Inside this block, PyTorch does not build a gradient graph. This reduces memory use and usually improves speed.

For newer PyTorch code, torch.inference_mode() can be used for inference when tensors will not later participate in gradient computation:

model.eval()

with torch.inference_mode():
    pred = model(X)

Both tools prevent unnecessary graph construction during evaluation.

A Complete Example

The following example shows a full forward and backward computation.

import torch
from torch import nn

torch.manual_seed(0)

model = nn.Sequential(
    nn.Linear(4, 8),
    nn.ReLU(),
    nn.Linear(8, 1),
)

X = torch.randn(10, 4)
y = torch.randn(10, 1)

pred = model(X)
loss = ((pred - y) ** 2).mean()

print(loss)
print(loss.grad_fn)

model.zero_grad()
loss.backward()

for name, param in model.named_parameters():
    print(name, param.shape, param.grad.shape)

The forward pass constructs the graph. The loss is the final scalar node. The backward pass traverses the graph in reverse and fills the gradients of the model parameters.

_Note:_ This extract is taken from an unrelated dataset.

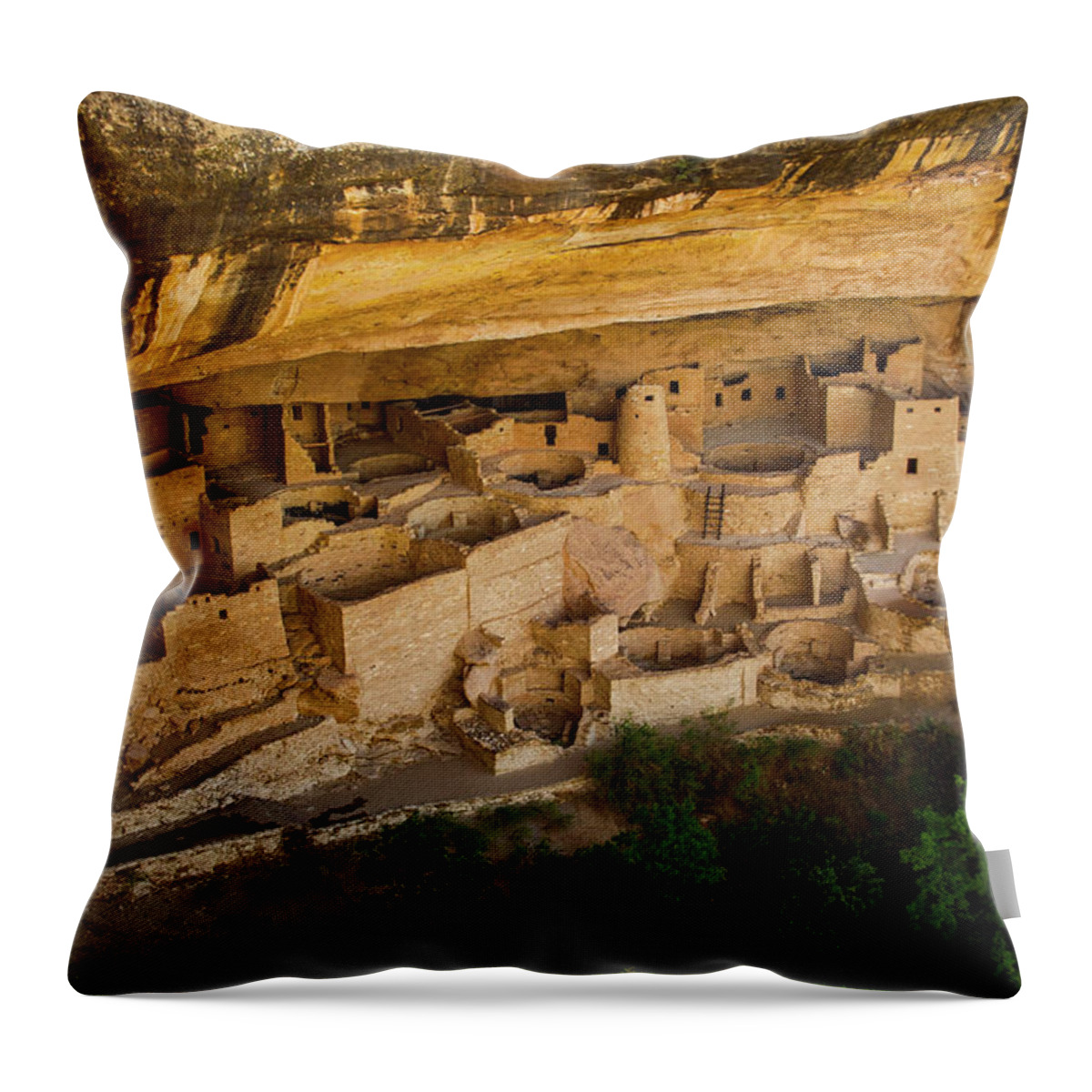Mesa Verde Throw Pillow featuring the photograph Cliff House from Above by Doug Scrima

The important point is that the user does not manually construct the graph. The graph is created by ordinary tensor operations.

Common Errors

A common error is trying to call backward() on a tensor that has no gradient graph:

x = torch.tensor(2.0)
y = x ** 2
y.backward()

This fails because x does not require gradients, so y also does not require gradients.

Correct version:

x = torch.tensor(2.0, requires_grad=True)
y = x ** 2
y.backward()

Another common error is forgetting to clear accumulated gradients:

loss.backward()
optimizer.step()

PyTorch accumulates gradients by default. Therefore a training loop should usually include:

optimizer.zero_grad()
loss.backward()
optimizer.step()

A third common error is accidentally detaching a tensor that should remain differentiable:

h = model.encoder(x)
h = h.detach()
y = model.decoder(h)

In this code, the decoder can receive gradients, but the encoder cannot receive gradients from y. This may be intentional, but it often happens by mistake.

Summary

A computational graph records how tensors are produced from other tensors. In PyTorch, the graph is built dynamically during the forward computation. If tensors require gradients, PyTorch records the operations needed to compute derivatives later.

The forward pass evaluates the graph from inputs to outputs. The backward pass traverses the graph in reverse and applies the chain rule. Model parameters are leaf tensors, and their gradients are stored after backward().

Understanding computational graphs makes PyTorch behavior predictable. It explains requires_grad, grad_fn, detach, no_grad, gradient accumulation, and the memory difference between training and inference.